_Brief_: Only the lines below starting at the one that contains "Lee Cooper LC06889.664 Erkek Kol Saati" and ending at the one that contains "サイズ：2XL カラー：ブラック 万代Net店" are to be reproduced, exactly and with both ends kept.

Recorded data
────────────────

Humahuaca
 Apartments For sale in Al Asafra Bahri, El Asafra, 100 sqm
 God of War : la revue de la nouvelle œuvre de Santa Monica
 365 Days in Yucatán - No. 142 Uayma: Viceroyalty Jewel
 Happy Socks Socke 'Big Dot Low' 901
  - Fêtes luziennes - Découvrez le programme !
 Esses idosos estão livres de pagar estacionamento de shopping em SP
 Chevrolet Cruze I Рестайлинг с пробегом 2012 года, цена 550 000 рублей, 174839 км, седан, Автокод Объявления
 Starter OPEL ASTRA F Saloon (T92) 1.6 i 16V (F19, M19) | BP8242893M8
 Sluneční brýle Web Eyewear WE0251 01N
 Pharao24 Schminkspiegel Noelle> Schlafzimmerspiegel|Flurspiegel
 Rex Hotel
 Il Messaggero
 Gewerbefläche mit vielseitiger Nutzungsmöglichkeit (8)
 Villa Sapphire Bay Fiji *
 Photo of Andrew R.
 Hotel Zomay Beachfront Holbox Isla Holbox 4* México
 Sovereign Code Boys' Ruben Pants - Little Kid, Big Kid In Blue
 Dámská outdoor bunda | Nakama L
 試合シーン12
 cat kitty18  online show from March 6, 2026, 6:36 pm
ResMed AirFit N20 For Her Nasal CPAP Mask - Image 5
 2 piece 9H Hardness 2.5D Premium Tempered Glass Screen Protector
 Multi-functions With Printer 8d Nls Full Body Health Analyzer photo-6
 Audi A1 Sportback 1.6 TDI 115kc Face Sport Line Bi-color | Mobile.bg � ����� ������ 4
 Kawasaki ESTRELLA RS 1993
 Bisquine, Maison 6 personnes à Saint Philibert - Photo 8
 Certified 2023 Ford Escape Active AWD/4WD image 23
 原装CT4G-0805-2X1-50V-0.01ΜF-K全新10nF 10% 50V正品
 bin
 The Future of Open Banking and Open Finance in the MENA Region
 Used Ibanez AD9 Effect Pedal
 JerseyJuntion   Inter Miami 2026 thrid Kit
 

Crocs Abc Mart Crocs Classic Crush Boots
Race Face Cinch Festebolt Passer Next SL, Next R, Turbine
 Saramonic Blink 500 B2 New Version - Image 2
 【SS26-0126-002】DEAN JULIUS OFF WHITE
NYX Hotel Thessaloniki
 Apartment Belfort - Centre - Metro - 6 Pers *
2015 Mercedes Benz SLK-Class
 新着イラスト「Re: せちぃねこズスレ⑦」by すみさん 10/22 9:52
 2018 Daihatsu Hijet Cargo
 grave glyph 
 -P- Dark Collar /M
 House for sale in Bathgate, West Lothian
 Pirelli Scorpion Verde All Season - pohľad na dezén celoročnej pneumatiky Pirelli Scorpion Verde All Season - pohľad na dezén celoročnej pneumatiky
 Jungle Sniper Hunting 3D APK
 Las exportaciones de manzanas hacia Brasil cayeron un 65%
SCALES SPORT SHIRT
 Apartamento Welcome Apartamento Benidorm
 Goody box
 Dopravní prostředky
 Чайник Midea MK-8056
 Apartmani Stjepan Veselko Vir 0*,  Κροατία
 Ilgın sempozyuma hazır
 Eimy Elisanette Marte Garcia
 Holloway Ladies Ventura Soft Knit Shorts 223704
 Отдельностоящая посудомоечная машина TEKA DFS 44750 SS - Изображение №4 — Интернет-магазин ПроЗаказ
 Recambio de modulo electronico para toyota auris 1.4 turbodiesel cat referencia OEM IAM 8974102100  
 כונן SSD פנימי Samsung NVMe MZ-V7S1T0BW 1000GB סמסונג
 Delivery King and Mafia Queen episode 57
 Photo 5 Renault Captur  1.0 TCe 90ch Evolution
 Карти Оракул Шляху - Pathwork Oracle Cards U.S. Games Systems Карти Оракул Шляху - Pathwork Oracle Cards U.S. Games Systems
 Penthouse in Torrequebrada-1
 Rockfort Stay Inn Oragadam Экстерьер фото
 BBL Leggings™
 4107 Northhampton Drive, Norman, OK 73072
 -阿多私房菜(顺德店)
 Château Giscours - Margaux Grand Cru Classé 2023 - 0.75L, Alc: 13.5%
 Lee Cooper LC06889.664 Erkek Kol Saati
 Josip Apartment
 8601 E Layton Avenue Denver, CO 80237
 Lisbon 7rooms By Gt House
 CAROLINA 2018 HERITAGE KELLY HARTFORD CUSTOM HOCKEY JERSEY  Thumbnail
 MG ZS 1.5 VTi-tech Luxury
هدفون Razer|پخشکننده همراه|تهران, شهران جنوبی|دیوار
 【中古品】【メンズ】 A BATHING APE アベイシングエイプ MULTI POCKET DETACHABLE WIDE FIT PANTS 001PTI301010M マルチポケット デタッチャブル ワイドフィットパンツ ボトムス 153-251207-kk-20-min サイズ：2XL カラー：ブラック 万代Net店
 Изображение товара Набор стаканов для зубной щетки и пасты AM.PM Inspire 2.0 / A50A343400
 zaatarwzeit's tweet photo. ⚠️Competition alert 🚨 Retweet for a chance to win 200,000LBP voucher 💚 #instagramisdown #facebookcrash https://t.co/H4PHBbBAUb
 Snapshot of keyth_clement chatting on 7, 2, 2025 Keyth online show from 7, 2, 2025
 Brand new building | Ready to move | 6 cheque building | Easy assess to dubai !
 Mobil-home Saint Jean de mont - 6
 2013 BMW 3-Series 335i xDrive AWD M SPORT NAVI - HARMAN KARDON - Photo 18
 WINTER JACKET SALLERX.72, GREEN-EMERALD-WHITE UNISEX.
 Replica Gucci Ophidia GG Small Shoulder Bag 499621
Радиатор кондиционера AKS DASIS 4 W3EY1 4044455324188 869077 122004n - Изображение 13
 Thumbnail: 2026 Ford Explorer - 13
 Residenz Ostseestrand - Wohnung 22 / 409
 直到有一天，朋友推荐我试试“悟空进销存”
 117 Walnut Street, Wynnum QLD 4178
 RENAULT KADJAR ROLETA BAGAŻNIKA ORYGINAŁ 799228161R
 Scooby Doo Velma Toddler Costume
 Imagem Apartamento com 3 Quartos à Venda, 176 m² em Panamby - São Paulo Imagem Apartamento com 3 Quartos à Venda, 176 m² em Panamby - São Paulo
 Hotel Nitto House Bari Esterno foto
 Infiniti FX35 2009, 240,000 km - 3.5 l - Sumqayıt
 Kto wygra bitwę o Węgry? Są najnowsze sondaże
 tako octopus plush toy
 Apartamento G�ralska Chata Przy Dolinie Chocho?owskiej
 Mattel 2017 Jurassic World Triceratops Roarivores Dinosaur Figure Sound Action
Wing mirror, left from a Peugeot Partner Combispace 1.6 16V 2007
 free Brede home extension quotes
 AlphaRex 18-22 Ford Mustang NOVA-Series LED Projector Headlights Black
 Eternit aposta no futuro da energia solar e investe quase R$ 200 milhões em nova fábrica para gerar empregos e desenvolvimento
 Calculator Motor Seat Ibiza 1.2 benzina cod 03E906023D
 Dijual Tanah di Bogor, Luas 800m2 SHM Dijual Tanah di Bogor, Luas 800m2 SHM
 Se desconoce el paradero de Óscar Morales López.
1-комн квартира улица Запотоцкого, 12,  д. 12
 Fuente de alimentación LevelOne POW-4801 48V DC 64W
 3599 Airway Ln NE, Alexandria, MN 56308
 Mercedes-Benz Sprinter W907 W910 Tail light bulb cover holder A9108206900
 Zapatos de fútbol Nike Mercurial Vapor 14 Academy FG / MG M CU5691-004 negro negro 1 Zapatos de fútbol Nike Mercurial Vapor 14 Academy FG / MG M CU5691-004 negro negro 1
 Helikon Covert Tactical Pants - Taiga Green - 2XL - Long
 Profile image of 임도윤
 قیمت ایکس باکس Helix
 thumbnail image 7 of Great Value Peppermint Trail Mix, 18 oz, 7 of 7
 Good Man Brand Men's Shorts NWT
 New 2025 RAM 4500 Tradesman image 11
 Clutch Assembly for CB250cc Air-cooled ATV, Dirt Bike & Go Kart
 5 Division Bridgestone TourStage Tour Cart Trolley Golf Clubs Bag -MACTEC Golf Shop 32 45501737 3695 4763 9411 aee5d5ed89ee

────────────────

_Completed task_:
 Lee Cooper LC06889.664 Erkek Kol Saati
 Josip Apartment
 8601 E Layton Avenue Denver, CO 80237
 Lisbon 7rooms By Gt House
 CAROLINA 2018 HERITAGE KELLY HARTFORD CUSTOM HOCKEY JERSEY  Thumbnail
 MG ZS 1.5 VTi-tech Luxury
هدفون Razer|پخشکننده همراه|تهران, شهران جنوبی|دیوار
 【中古品】【メンズ】 A BATHING APE アベイシングエイプ MULTI POCKET DETACHABLE WIDE FIT PANTS 001PTI301010M マルチポケット デタッチャブル ワイドフィットパンツ ボトムス 153-251207-kk-20-min サイズ：2XL カラー：ブラック 万代Net店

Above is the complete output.